In 2024 when I look into more recently available literature and images on the Internet, I tend to agree with "robhertnandezc." Also, the distribution maps on CICY, the main scientific in the Yucatan, now shows the species I earlier thought we had, Cordia alliodora, as present in the Yucatan Peninsula only in Campeche and Qintana Roo, not this far north in the Yucatan.
from the December 21, 2018 Newsletter issued from Rancho Regenesis in the woods ±4kms west of Ek Balam Ruins; elevation ~40m (~130 ft), N20.876°, W88.170°; north-central Yucatán, MÉXICO
JUAN'S AX HANDLE
One morning this week I found Juan, one of the rancho's workers, using his machete to fashion an ax handle from a slender section of tree trunk. Below, you can see the operation :
The wood was exceptionally heavy and compact, and its grain was straight. When I asked Juan what tree he'd cut for the handle, he gave the Maya name of Bojum (bo-HOOM). Since I didn't know what a Bojum was, he took me to a medium-sized tree passed each time I go to the garden. It was the same tree we've featured flowering above.
There our pictures show the tree handsomely laden with flowers last March. But now in December all that remains of that flowering are some brown, withered, finger-long, dried-up raceme stems with old flower pedicels, as shown below:
Last March the flowers so dazzled me that I hardly noticed the tree's leaves. Now I noticed that the leaves exhibited interesting features. For example, their blades tended to be spotted with lichen patches, and the older ones curled. Also, their petioles were exceptionally long, as you can see below:
The leaves' bases were consistently asymmetrical -- attaching to the petiole at different places, as seen below:
The long petioles themselves were unusual in that they took on the color and corky texture of the surface of the twigs they were attached to, as shown below:
The leaves' blades were thick and leathery, with the veins not showing very well, but if held against the Sun the venation showed itself to be of that kind whose secondary veins curve forward to connect to the secondary veins above it, as illustrated below:
I had wondered why this species was called Princewood, and now Juan with his ax handle -- which turned out to be a fine one -- has shown me.
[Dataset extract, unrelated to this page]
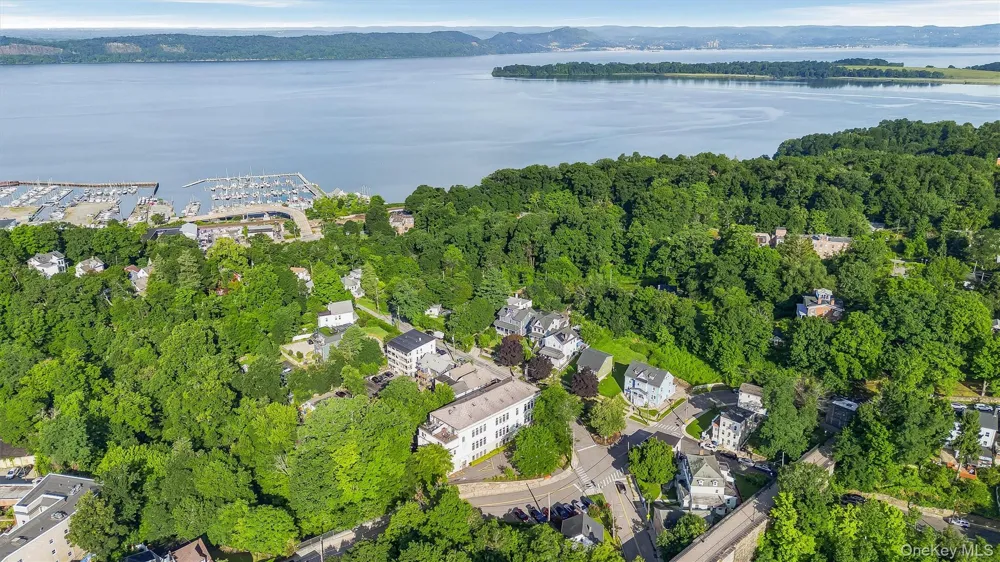 88 Broadway #PH4 Ossining, NY 10562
The tree simply produces wonderfully strong, regularly formed wood.
Those who know Temperate Zone plants might find it surprising that this imposing tree belongs to the Borage Family, the Boraginaceae, for up north the best-known species in that mostly herbaceous family are such wildflowers and herbs as bluebells, forget-me-nots, gromwell, comfrey, heliotrope and hounds-tongue. In the tropics, plants often behave very differently from their temperate-zone relatives.